WORK ITEM: Using the listing below, output only the lines from the one that contains "90 Rue Montalet, Beaumont, AB" through the one that contains "Ein Tisch auf", inclusive, exactly as given and without images.

-- DATASET CONTENT follows --

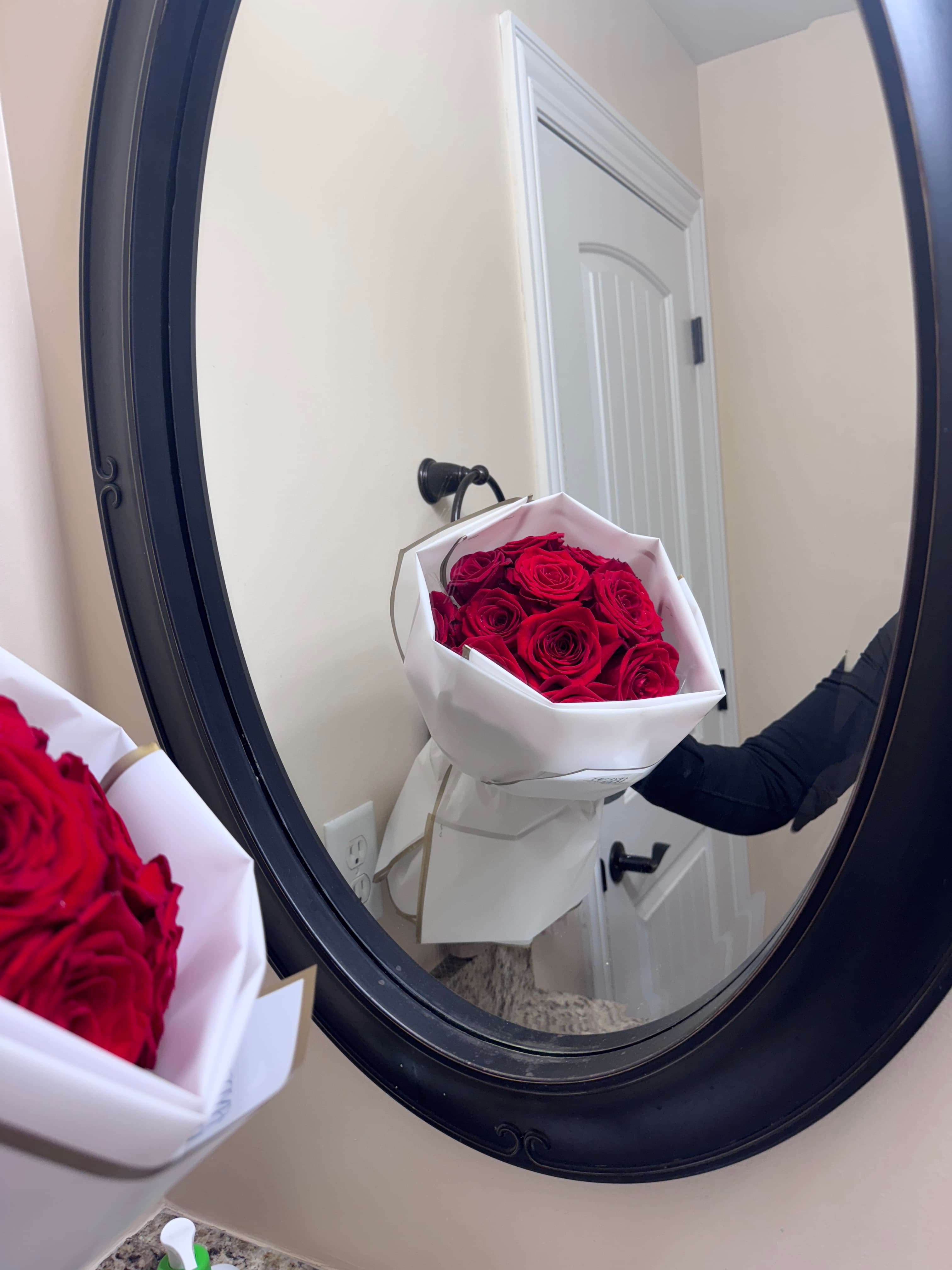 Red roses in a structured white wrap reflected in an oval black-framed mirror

-- DATASET CONTENT concluded --
-- DATASET CONTENT follows --

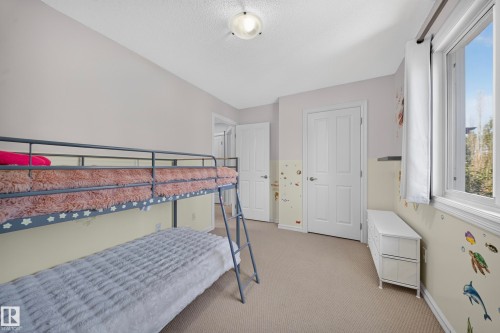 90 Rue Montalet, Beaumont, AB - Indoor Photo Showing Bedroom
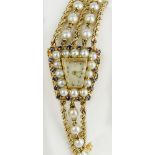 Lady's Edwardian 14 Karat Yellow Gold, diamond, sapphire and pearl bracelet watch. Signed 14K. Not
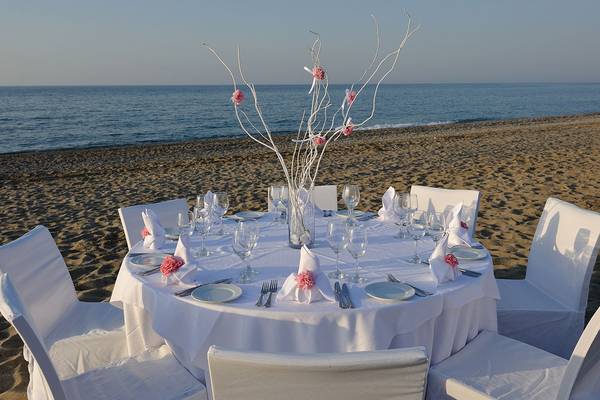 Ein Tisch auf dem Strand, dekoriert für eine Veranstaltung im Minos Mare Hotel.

-- DATASET CONTENT concluded --
-- DATASET CONTENT follows --

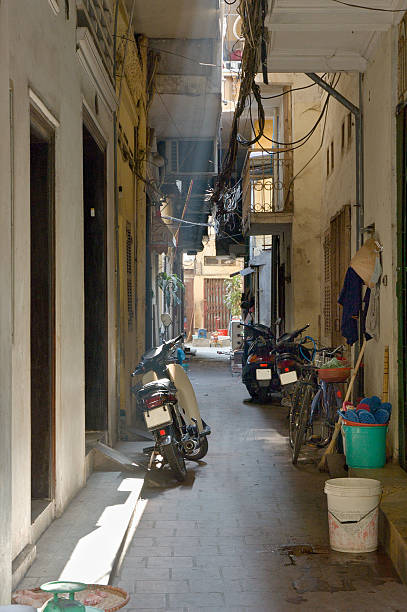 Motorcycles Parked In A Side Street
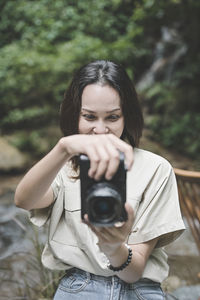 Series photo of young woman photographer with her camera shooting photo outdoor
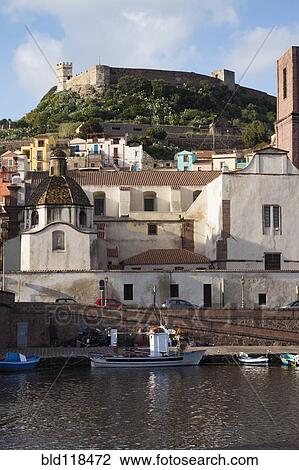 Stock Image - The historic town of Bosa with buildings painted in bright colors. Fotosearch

-- DATASET CONTENT concluded --

EXERCISE OUTPUT:
 90 Rue Montalet, Beaumont, AB - Indoor Photo Showing Bedroom
 Lady's Edwardian 14 Karat Yellow Gold, diamond, sapphire and pearl bracelet watch. Signed 14K. Not
 Ein Tisch auf dem Strand, dekoriert für eine Veranstaltung im Minos Mare Hotel.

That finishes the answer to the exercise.